By BRAD KELLAR
Some members of the Greenville City Council are prepared to take action this week to strip tourism funding from the Greenville Chamber of Commerce/Convention and Visitors Bureau.
President/CEO Brendon J. Payne said he was unaware of the plan by the council’s economic development sub-committee to move the funding in-house.
“We’re surprised that this action is being taken,” Payne said when informed Friday afternoon of the vote scheduled during Tuesday’s regular council session, starting at 6 p.m. in the Municipal Building, 2821 Washington Street. A work session is also set for 5 p.m. Tuesday.
The two sides reached a compromise on the issue in January, when representatives from the Chamber and from the sub-committee met concerning the reporting the Chamber had provided as to how it spends the funding and why it was receiving so much each year.

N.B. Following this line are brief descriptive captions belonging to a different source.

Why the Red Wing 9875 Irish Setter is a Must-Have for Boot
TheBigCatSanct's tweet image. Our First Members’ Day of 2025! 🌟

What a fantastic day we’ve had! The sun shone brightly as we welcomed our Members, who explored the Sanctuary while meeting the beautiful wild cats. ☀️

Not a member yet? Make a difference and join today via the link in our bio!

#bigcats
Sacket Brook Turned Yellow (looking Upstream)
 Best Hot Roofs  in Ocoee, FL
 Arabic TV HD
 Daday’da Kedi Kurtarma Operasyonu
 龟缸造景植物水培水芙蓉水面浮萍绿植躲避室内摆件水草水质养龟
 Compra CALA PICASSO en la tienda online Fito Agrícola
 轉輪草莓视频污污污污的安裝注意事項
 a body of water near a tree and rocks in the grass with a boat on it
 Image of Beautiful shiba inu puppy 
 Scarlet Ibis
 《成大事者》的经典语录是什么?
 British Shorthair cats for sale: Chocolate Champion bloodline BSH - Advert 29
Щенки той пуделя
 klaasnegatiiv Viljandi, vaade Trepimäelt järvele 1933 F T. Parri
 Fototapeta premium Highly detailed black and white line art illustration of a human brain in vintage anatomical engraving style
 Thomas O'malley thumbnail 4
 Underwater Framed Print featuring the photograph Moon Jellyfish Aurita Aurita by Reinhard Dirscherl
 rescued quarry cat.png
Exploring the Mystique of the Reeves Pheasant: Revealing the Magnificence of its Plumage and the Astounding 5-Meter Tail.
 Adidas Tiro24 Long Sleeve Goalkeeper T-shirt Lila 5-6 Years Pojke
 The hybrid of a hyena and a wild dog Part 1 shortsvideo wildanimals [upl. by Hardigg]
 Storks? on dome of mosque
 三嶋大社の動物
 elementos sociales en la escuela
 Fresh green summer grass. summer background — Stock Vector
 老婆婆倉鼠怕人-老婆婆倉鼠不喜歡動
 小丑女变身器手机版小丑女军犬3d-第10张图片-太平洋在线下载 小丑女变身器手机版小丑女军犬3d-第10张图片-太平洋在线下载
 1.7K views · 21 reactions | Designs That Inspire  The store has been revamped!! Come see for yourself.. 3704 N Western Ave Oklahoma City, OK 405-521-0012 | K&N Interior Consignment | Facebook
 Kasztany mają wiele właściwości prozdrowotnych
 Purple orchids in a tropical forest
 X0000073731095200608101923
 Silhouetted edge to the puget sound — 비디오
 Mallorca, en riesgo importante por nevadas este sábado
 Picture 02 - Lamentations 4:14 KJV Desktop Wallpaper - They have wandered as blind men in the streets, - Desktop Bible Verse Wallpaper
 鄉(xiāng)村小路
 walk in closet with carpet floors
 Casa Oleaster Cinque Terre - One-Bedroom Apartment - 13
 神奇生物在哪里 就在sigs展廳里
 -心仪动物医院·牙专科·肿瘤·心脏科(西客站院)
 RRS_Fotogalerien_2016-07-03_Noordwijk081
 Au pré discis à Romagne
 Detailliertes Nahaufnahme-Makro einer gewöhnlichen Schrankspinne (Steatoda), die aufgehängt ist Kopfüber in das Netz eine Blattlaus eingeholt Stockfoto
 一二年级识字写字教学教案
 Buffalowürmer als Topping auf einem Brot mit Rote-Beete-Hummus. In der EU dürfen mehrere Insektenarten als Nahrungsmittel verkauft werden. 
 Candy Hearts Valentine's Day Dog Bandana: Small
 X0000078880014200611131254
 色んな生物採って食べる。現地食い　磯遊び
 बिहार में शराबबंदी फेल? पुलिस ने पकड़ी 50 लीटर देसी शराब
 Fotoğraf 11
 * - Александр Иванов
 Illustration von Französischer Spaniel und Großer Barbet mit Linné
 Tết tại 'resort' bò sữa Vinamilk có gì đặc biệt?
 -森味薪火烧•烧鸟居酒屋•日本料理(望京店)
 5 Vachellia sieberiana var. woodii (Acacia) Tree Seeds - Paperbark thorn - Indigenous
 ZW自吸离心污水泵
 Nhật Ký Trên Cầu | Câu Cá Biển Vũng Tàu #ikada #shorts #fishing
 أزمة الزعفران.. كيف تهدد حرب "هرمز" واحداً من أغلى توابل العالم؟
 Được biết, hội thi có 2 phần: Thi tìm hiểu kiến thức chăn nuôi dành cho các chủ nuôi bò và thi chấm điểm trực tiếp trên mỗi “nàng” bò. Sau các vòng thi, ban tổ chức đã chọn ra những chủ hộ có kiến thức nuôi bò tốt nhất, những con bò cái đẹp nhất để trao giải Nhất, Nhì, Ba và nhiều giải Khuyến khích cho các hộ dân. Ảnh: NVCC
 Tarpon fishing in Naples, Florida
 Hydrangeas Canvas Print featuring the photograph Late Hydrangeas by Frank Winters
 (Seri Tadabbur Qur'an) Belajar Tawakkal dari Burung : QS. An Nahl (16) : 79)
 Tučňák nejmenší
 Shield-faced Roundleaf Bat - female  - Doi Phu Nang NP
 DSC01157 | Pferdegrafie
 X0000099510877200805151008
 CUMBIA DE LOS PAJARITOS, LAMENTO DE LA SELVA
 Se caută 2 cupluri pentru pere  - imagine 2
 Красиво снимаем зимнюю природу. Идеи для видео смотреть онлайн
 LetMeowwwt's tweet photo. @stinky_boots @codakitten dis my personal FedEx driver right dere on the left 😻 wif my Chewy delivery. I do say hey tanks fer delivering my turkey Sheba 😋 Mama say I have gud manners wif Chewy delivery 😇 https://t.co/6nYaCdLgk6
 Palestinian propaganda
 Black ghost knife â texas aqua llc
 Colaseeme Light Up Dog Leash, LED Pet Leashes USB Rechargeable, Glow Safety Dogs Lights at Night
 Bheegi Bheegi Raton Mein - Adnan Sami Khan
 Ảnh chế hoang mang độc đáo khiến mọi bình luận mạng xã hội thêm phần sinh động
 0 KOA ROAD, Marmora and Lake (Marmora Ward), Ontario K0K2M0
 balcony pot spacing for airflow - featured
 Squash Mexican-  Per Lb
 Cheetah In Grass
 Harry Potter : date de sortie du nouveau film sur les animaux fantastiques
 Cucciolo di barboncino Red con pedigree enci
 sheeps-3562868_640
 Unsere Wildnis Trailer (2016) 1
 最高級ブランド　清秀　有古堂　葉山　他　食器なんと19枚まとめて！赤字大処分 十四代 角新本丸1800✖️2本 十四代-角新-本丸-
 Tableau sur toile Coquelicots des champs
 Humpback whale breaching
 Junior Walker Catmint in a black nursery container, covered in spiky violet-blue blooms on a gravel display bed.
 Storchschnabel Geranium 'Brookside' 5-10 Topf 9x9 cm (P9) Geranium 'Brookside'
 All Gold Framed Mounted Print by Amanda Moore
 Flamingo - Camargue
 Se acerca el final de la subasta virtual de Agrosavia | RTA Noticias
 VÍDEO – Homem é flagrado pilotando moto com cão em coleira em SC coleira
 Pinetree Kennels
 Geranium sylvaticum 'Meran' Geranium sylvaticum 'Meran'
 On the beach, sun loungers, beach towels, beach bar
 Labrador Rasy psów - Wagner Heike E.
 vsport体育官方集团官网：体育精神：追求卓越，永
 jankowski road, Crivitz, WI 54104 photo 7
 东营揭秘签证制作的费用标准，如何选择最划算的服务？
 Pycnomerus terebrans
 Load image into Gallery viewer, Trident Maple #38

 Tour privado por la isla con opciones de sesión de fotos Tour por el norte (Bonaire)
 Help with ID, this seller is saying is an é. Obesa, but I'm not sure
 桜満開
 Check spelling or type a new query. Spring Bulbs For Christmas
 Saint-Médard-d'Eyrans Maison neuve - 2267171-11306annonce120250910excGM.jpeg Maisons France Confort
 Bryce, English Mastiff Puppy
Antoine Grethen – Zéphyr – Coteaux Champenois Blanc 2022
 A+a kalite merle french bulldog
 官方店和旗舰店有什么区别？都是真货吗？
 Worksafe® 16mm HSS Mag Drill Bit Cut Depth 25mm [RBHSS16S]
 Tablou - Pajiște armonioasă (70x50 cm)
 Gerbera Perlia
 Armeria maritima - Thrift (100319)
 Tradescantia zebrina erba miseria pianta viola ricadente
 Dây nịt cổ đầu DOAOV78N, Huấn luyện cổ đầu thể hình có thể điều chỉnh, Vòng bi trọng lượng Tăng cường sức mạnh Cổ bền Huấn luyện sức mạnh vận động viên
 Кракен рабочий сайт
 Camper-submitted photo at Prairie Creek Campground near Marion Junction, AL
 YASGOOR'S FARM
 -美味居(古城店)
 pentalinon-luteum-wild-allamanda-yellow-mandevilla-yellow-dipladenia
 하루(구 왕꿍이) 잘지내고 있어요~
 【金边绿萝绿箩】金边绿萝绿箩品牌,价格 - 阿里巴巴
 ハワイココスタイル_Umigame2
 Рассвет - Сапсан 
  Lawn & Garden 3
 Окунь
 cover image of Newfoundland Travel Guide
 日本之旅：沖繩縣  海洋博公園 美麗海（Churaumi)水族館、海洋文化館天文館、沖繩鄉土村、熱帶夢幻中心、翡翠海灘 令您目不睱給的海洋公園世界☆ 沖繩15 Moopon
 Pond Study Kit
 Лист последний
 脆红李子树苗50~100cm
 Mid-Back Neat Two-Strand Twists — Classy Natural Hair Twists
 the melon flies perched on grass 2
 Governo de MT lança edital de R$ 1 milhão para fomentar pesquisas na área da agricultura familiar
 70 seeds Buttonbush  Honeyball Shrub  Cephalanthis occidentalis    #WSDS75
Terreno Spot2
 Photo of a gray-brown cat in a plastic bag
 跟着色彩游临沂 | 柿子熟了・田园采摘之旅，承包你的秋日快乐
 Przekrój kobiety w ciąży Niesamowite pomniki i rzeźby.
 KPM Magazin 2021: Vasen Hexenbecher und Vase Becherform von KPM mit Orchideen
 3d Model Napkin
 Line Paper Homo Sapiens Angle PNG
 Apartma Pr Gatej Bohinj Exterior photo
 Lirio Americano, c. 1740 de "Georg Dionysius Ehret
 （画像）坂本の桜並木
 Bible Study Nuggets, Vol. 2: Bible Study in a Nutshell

Following the meeting, an agreement was reached whereby the tourism funding for the first two quarters of the current fiscal year would be distributed, while a distinction would also be made making sure the funding will be provided to the Convention and Visitors Bureau (CVB), rather than the Chamber of Commerce.
The sub-committee, which also oversees tourism funding, is now recommending that the City of Greenville, instead of the CVB, promote tourism and the convention and hotel industry in-house for the third and fourth quarters of the fiscal year with funding from municipal hotel occupancy tax.
Payne said Friday he was unsure how the Chamber would respond, although he and Mayor Steve Reid will meet on the issue Monday morning.
“We’re going to discuss a little bit about where we go from here,” Payne said.
In November, the sub-committee proposed slashing the funding the Chamber was to receive this year in order to promote local tourism.
During the December council meeting, Reid said he was not satisfied with the reporting the Chamber had provided, showing how it has spent its portion of hotel/motel taxes in the past. Reid also questioned why the Chamber is receiving so much each year.
The Chamber had requested $134,834 in tourism funding this year, although the Tourism and Convention Advisory Board had recommended the Chamber receive $123,500, which is in line with the $125,000 the agency received in last year’s budget.
However, the sub-committee, which includes Reid, Velma Del Bosque-Hobdy and Renee Francey, had recommended the Chamber’s appropriation be reduced by $48,500 this year.
Under the agreement reached in January, the Convention and Visitors Bureau was to receive two payments of $30,875, after which the council and the agency were to look at the issue again.
Payne said no meetings had occurred or had been scheduled with the sub-committee since that time.
“We’ve had no discussion with staff or the council members,” Payne said, adding the Chamber’s position has not changed.
“We feel like the Chamber is the best equipped organization to advertise the events and to promote tourism in Greenville,” Payne said. “We report every single quarter about what our functions are.”
The Tourism and Convention Advisory Board heard requests October 15 from more than a dozen organizations, each seeking a portion of the hotel/motel taxes the city collects.
The city collected just under $391,000 in taxes during the past year, had budgeted $270,000 in tourism funds in this year’s budget, and the board recommended $250,000 in appropriations be awarded.
The City of Greenville charges a tax of 7 percent on each night’s stay in a local hotel or motel room and then divides the money among the various groups which have applied for the funds. The events they sponsor must enhance and promote tourism and/or the convention and hotel industry in Greenville.
The applications are reviewed by the Tourism and Convention Advisory Board, then the board’s recommendations are presented to the council, which has the final say as to what is eventually included in the annual city budget.